El evangelio de este día nos recuerda que la santidad es para todo hombre y para toda mujer de cualquier tiempo y cualquier lugar, porque toda persona que viene a este mundo quiere ser dichosa, feliz, bienaventurada. Así nos llama Jesús, bienaventurados, a todos los que queremos acoger su “programa de vida”.
Tenemos la tentación de poner el acento en el “programa”, en las cosas que debemos hacer. Si miramos el “programa” de las bienaventuranzas, y medimos nuestras fuerzas y nuestra coherencia de vida (¿todas y siempre?), nos podemos hasta angustiar y preguntar: “¿quién puede con eso?”. Pregunta realista. Respuesta clara: nadie. Es un programa a la medida del corazón de Dios, al que debe aspirar el corazón humano.

Parroquia Ntra. Sra. del Tránsito en Jutiapa (Honduras), allí descansan los restos mortales de un “santo” para aquella Comunidad cristiana: P. José Ramón Zudaire, csv
Por eso, el acento lo tenemos que poner en “de vida”, más que en el “programa”. Las bienaventuranzas de Mateo que nos propone la liturgia de la Iglesia para la celebración de la solemnidad de Todos los Santos nos describen y nos descubren cómo ha de ser el corazón del creyente que se aventura en el seguimiento de Jesús. Más que practicar las bienaventuranzas nos vamos convirtiendo a ellas y en la medida que lo hacemos descubrimos la vida bienaventurada, dichosa, feliz, que brotan de ellas. Vida bienaventurada, dichosa, feliz, que no está exenta de problemas y dificultades. Al revés, convertirnos a las bienaventuranzas puede complicarnos la vida, porque pide que nos impliquemos en “los gozos y las esperanzas, las tristezas y las angustias de los hombres de nuestro tiempo, sobre todo de los pobres y de cuantos sufren,…”. Son palabras del Concilio Vaticano II, que añadía: “son a la vez gozos y esperanzas, tristezas y angustias de los discípulos de Cristo”.

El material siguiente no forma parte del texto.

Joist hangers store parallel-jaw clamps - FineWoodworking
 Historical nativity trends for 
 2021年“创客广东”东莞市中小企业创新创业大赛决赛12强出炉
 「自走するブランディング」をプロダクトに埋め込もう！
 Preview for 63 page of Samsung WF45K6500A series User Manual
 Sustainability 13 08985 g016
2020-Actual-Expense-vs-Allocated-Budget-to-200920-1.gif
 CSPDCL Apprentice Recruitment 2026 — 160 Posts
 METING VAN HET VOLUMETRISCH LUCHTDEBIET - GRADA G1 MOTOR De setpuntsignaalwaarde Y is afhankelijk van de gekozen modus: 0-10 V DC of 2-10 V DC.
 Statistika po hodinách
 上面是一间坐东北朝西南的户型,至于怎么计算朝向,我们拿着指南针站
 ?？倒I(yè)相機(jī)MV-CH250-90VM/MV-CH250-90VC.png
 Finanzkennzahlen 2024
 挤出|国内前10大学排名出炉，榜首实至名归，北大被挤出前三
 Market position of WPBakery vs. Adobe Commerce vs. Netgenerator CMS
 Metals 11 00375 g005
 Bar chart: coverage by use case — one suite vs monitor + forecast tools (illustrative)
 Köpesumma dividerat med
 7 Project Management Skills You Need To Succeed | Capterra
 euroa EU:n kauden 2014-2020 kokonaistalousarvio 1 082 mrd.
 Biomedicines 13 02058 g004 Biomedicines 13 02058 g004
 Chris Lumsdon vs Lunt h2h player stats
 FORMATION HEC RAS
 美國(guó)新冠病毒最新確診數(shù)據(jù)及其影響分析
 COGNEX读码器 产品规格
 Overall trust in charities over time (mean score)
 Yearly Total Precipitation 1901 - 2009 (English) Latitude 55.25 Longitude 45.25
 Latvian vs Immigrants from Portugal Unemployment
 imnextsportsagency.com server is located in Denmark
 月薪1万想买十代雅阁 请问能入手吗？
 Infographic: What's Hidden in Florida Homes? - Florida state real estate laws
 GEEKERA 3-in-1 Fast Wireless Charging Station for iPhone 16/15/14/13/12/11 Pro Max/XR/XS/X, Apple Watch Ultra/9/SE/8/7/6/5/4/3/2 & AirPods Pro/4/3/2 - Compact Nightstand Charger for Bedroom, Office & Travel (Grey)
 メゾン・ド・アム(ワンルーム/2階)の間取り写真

En la celebración de la Solemnidad de Todos los Santos volvemos a recibir la invitación a convertirnos al espíritu de las bienaventuranzas. Lo intentamos en la confianza de que es el camino que nos propone Jesús para alcanzar una vida dichosa y feliz. Lo intentamos convencidos de que es un camino que ha sido transitado por otras mujeres y hombres, frágiles como nosotros, y que han sido dichosos y felices: las santas y los santos, canonizados o no. Lo intentamos sabiendo que nosotros también somos santos, no por nuestro mérito, sino por la gracia de Dios.